FOZ DO IGUAÇU
Alguns anos atrás, um vereador propôs trocar a grafia de “Foz do Iguaçu” para “Foz do Iguassu”. Um dos argumentos para a mudança era que isso facilitaria a busca pelo nome da cidade no Google por eventuais turistas estrangeiros. Bem ou mal, a ideia reflete o interesse da região em continuar promovendo o turismo local para o exterior – Foz do Iguaçu é o segundo cartão postal brasileiro mais reconhecido mundo afora, graças às exuberantes Cataratas do Iguaçu. Em 2012, numa disputa com mais de 400 atrações naturais de todo o planeta, as Cataratas foram eleitas uma das Sete Novas Maravilhas da Natureza. Descoberta por desbravadores espanhóis em 1542, a gigantesca foz assistiu à chegada de colonos para a exploração do mate, dando origem ao povoamento da região. Hoje, os 256.000 habitantes voltam-se, principalmente, para a indústria do turismo.

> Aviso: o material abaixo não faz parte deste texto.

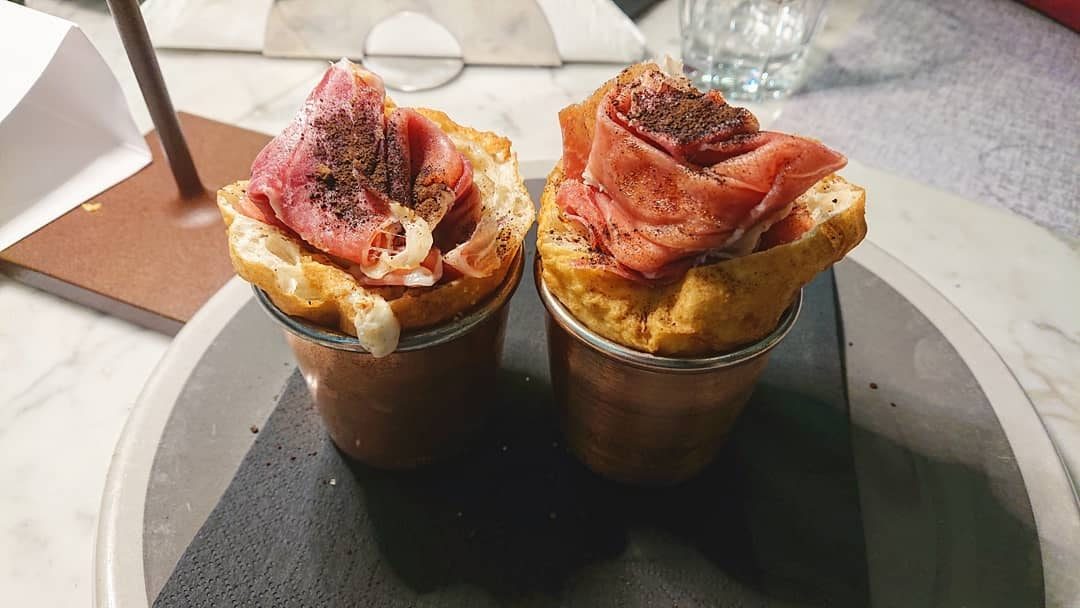 Ananascosta: cono con fonduta di Grana Padano DOP 12 mesi, prosciutto crudo, ananas e polvere di liquirizia
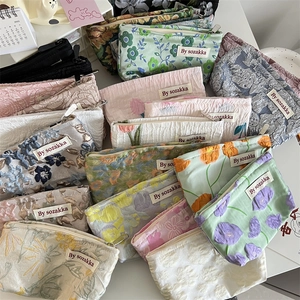 Floral embossed jacquard cosmetic bags collection with premium zipper closure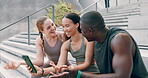 Fitness, phone and friends on steps for break from training or workout together or reading social media. Exercise, sports and performance tracker with athlete group laughing at app or meme on mobile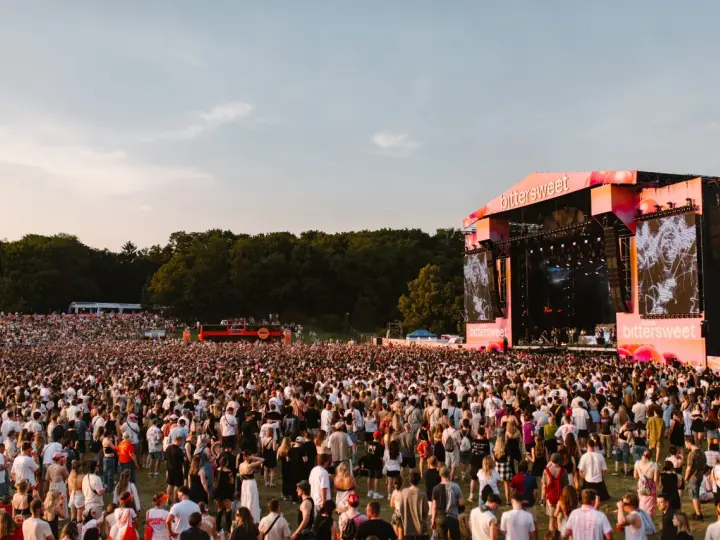 Tłum ludzi na festiwalu Bittersweet 2026, podziwiający scenę z wielkim ekranem i artystami. Słońce zachodzi, tworząc ciepłą atmosferę.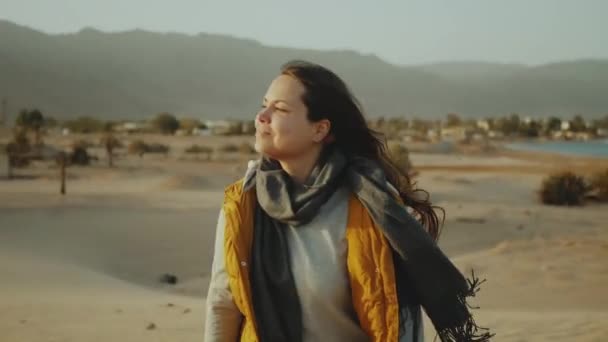 Donna con i capelli lunghi passeggiata nel deserto, mare e montagne sullo sfondo, Egitto, hd completo — Video Stock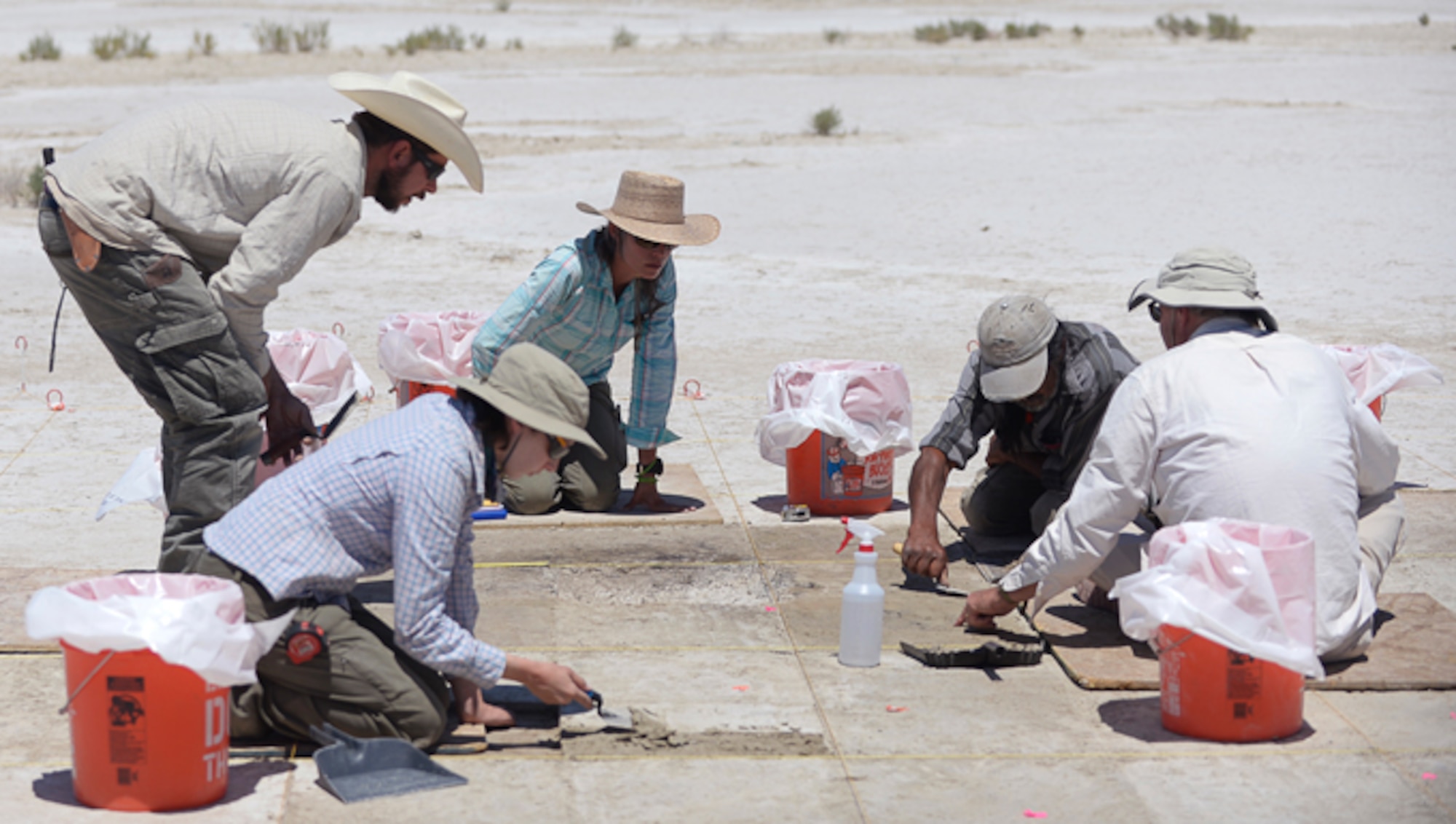 Archaeologists excavate a site on the Utah Test and Training Range, July 13, 2016. The team found tools, charcoal, water fowl bone fragments, and tooling flakes, which provide evidence of wetlands and human presence in the area more than 12,000 years ago. (U.S. Air Force photo by Todd Cromar)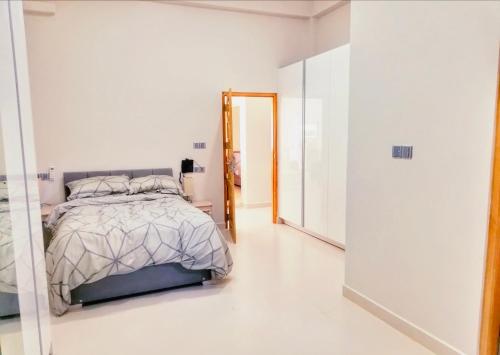 a white bedroom with a bed and a mirror at Regus Jaffna in Jaffna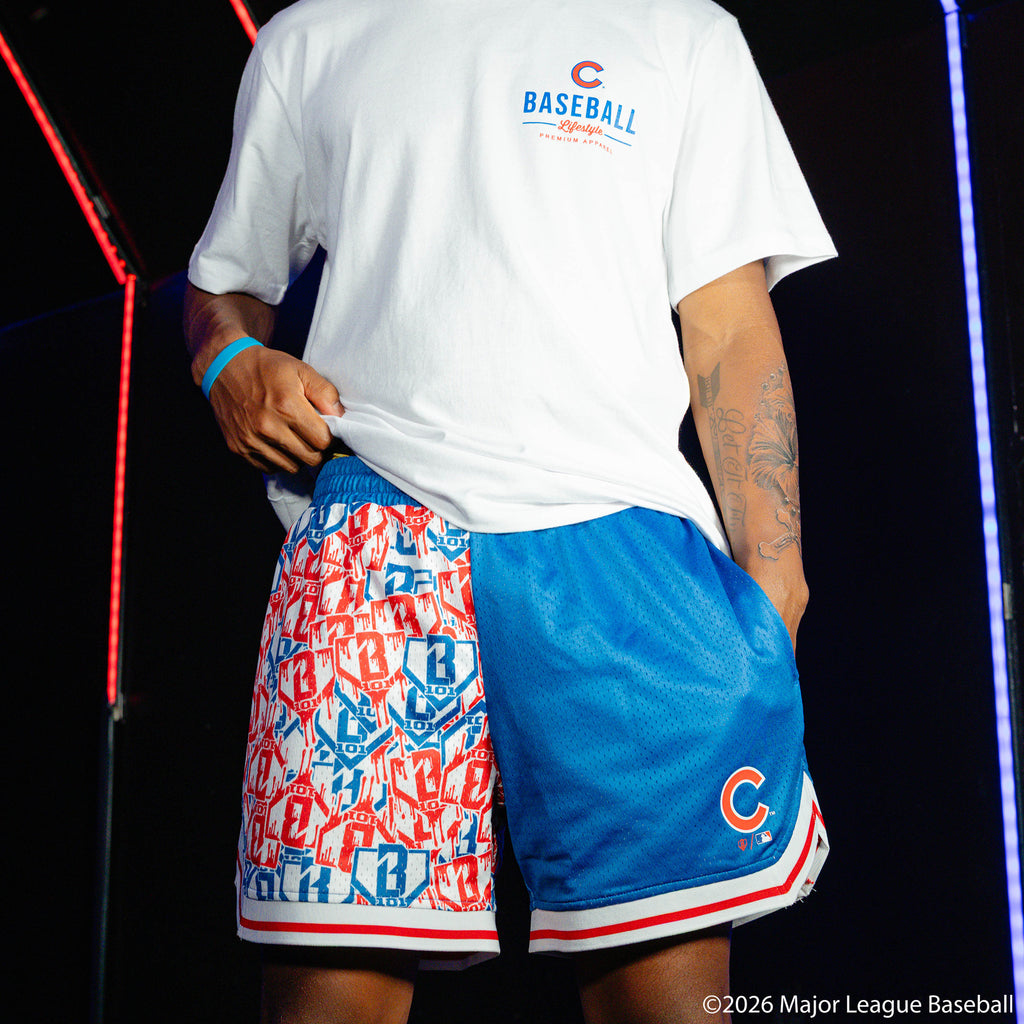 Adult model wearing blue shorts with "Chicago Cubs Sticker Court" design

Localizado na divisa entre Brasil, Argentina e Paraguai, a cidade conta com uma rede hoteleira de 22.000 leitos. As belezas do Parque Nacional do Iguaçu merecem ser admiradas tanto do alto, de helicóptero, quanto nos emocionantes passeios de barco. Outros motivos que mantêm a região entre as cinco mais visitadas do país são a colossal Usina Hidrelétrica de Itaipu, as compras do lado paraguaio da fronteira e os cassinos em solo argentino.
ONDE FICAR
Existem dois perfis de hospedagem: os hotéis à beira da Rodovia das Cataratas, ideais para famílias, e os do Centro, com perfil executivo. Para economizar, há bons hostels. A procura e os preços sobem nos períodos de férias.
Único hotel dentro do Parque Nacional do Iguaçu, o Das Cataratas dá o privilégio de dar de cara com as cataratas e dispõe do exclusivo Passeio da Lua Cheia, pelo lado brasileiro. A 2,5 km do parque, o San Martin tem quartos confortáveis, e flora e fauna nativas.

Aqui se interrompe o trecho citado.